My mum completely freaked and picked me up and ran away (swans are notoriously nasty pieces of work and it hissed and spread it's wings) and my dad couldn't move for laughing at the way the swan's neck had rippled and it's head had whipped round. Then he remembered some archaic law about swans being the property of the Queen and he legged it too.

First post and being a lady, no apologies for depth.
(Thu 2nd Jun 2005, 16:28, More)

» Nativity Plays

Not my story
But I found this:

Went to Abigail’s school Christmas concert (no “proper” Nativity this year). Each class did a little something followed by a song or 2. Anyway, Ab’s class did a Nativity scene, with Ab as Mary (How proud was I?). A few mins into their bit Ab promptly lifted her dress & shoved baby Jesus up it. The script then wandered away from what they’d learnt & goes as follows….
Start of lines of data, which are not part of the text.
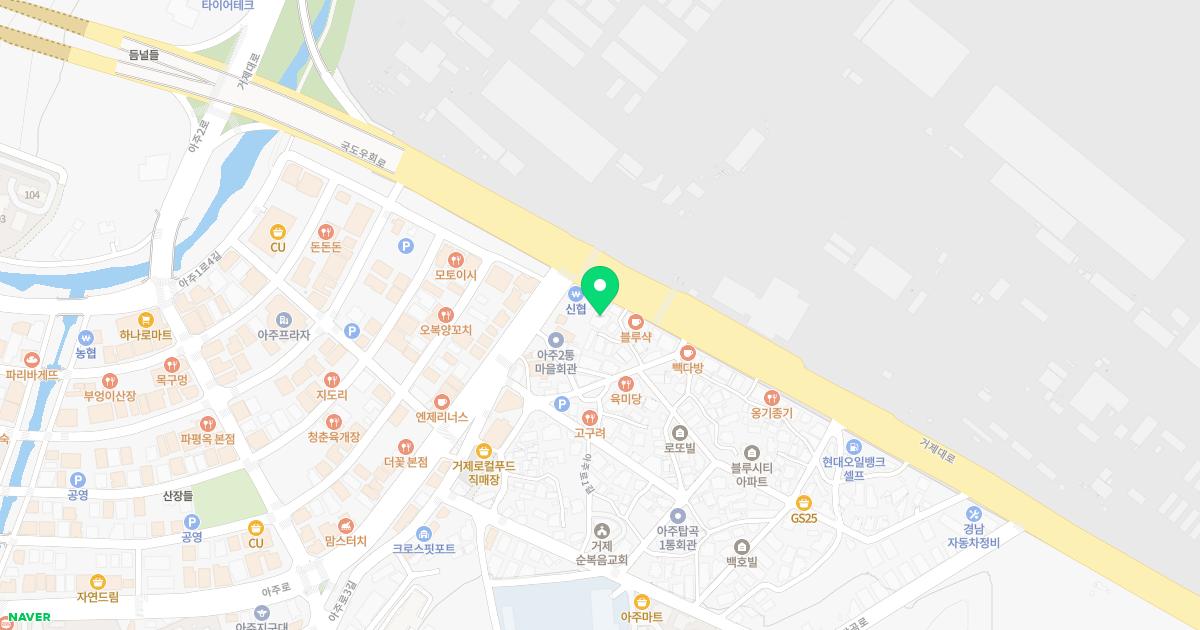 본한의원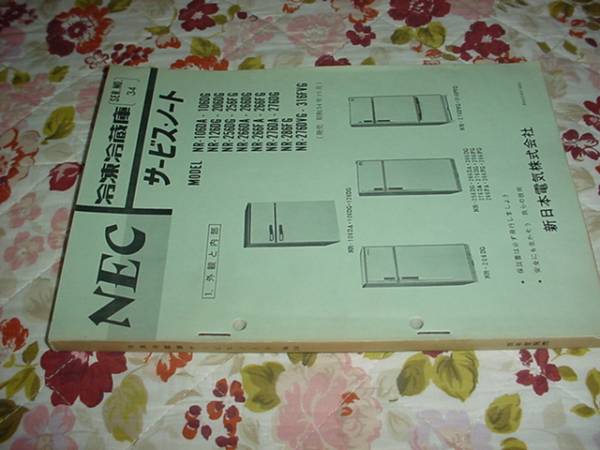 即決！昭和54年10月?。危牛谩±鋬隼涫i庫　サービスノート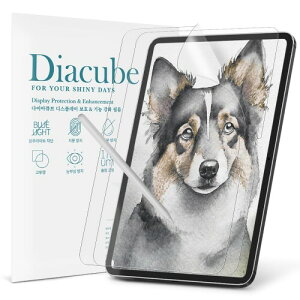 DIACUBE iPad Air 13�C���` M4/M3 (2026/2025 ��8/7����) �p �y�[�p�[�t�B�[�����e�N�X�`���t�B����99% �R��, ���̎���, �A���`�O���A�}�b�g, ���˖h�~, �C�A�h�~, �w��h�~, ���t���ȒP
Joseph: “What are you doing?”
Mary: “I’m feeding our baby”
Shepherd: “Have you got a bottle up there then?”
Mary: “Don’t be silly he’s having milk from my booby”
Joseph: “That’s disgusting”
Mary: “No, that baby milk they have in Tescos is disgusting. My baby’s having proper milk”
Shepherd: “What’s a booby?”
Mary: “Those sticky out bits ladies have”
Shepherd: “They’re not boobies, they’re nipples”
Mary: “No they’re not, they’re boobies”
Joseph: “So why can’t Jesus have milk from a bottle then?”
Mary: “Because I haven’t got a breast pump with me - you forgot to put it on the donkey”
Shepherd: “Can’t you ask the teacher for a bottle to feed Jesus with?”
Mary: “No because this is the best way to feed Jesus. Anyway bottles haven’t been invented yet & even if they were I’ve just had a baby so if you think I’m faffing about round Tescos to buy baby milk when I make proper milk in my boobies you can think again”


Here: www.hunnybeez.co.uk/hunnybeez-nativity-breastfeeding
(Tue 31st Mar 2009, 16:06, More)

» Common

Sweaty pikey boob change
I have no delusions of grandeur having been brought up in a large, single parent family in working-class Belfast but these antics are beneath even me.
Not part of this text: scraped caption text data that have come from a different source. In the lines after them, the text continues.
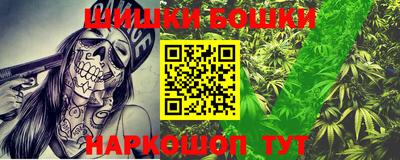 ALPHA-PVP Гатчина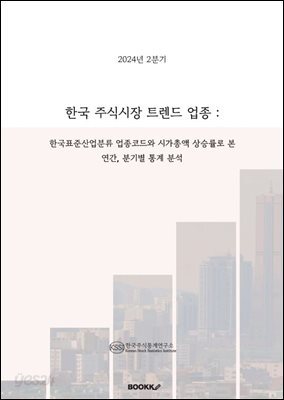 2024년 2분기 한국 주식시장 트렌드 업종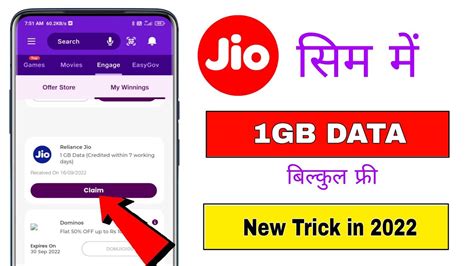 Jio Free 1GB Data Offer Today 2022 Jio Free Data New Code 2022 Jio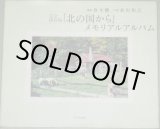 画像: 倉本聰・監修　写真・島田和之「北の国から」メモリアルアルバム完全保存版/検;田中邦衛 吉岡秀隆 中嶋朋子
My stepfather plays in a band and during his gigs my mother sits a table and sells the band's cds and merchandise.

During a gig last year a crowd of gypsies/travellers/persons of dubious personal hygiene and ethics (or whatever the PC term is these days) came gallivanting in. They were having a great time dancing away (all women, I should add) and one spectactularly obese example in her 40's literally latched onto the drunkest young man in the room and dry humped him in the middle of the dancefloor whilst simultaneously sucking his entire face and neck purple.

Whilst I was doubled up with mirth at the floorshow, another woman came up to my mum, selected a disc and asked her how much the cds were. My eye was slowly drawn to the fact that her hand was rummaging about down her shirt. Ach well, I've been known to shove a £20 in my bra to save me from carrying a handbag too.

"£10 or €15 each"

"Oh, that's great" she said *rummage rummage rummage* and with a great flourish, she pulls out a HUGE handful of tuppences and nuggets from under her thrupenny bits. "Here, count it out!" she said to my totally appalled mother.

I was so repulsed and convulsed with laughter that I had to flee to the safety of the Ladies... only to find three more traveller ladies sitting side by side on the thrones, doors wide open, happily chatting away to each other.

Klassy.
(Sun 19th Oct 2008, 19:19, More)

» I was drunk when I bought this

when curry attacks
On a date, hella drunk, stopped off for a kebab, natch, but decided to get a lovely Indian veggie curry too because I had the evil munchies. I couldn't even finish the kebab and I had to get a cab, so I shoved the sealed curry in my handbag and went home with the intentions of watching a bit of tv and eating in bed. Of course, I passed out as soon as I could smell pillow.

A week later was the day of my driving test, so I went searching for my bag to fetch my provisional licence. I pulled it out from under my bed, to find a rancid exploded curry all over the contents. My licence was now a lovely shade of orange and bits of broccoli were stuck to my pic and it smelled like Bombay.

I passed, because I rule. Not because I wore a minikilt, oh no.